**SUPPLIED RECORDS:**
^^^^^^^^^^^^^^^^

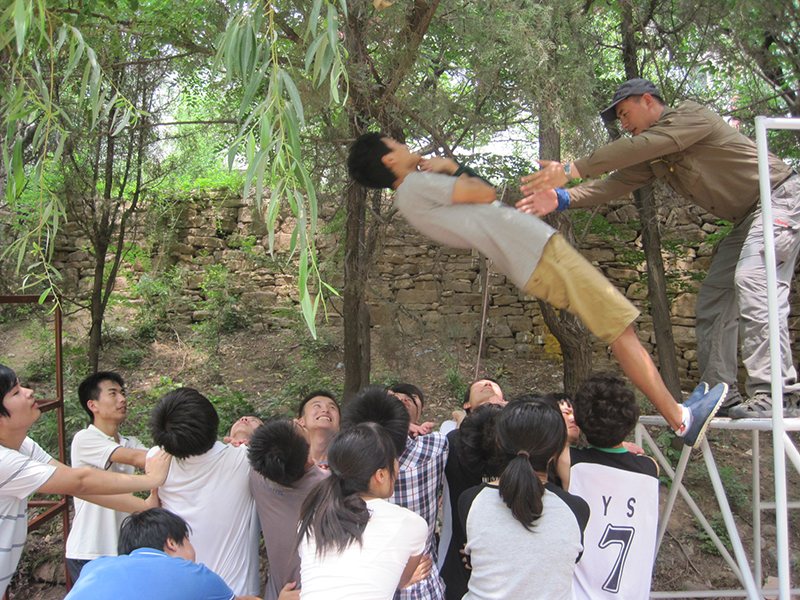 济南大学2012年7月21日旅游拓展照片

^^^^^^^^^^^^^^^^

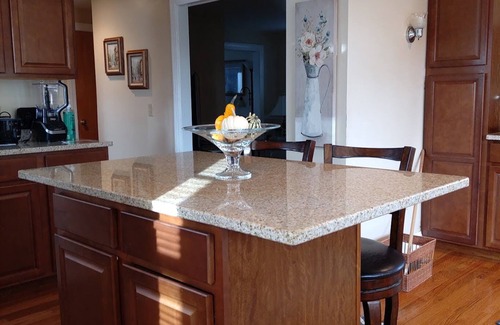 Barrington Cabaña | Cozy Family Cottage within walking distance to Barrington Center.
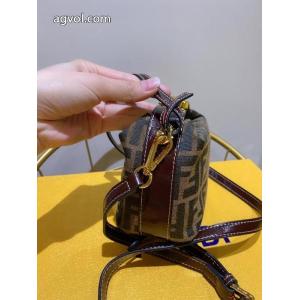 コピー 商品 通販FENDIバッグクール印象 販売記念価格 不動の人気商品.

^^^^^^^^^^^^^^^^

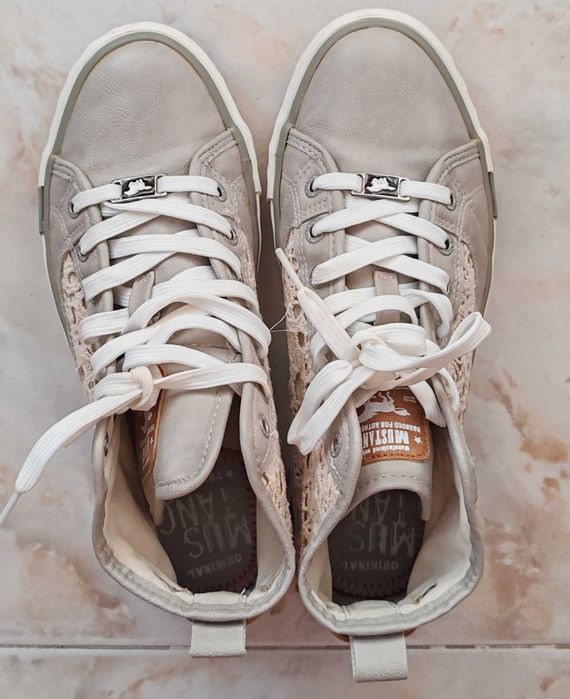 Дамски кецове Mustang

^^^^^^^^^^^^^^^^

**AIM OF THE EXERCISE:**
Beginning at the line that has "Barrington Cabaña |" and ending at the line that has "コピー 商品 通販FENDIバッグクール印象 販売記念価格 不動の人気商品.", restate the listing above word for word, pictures left out.

**ANSWER TO THIS EXERCISE:**
 Barrington Cabaña | Cozy Family Cottage within walking distance to Barrington Center.
 コピー 商品 通販FENDIバッグクール印象 販売記念価格 不動の人気商品.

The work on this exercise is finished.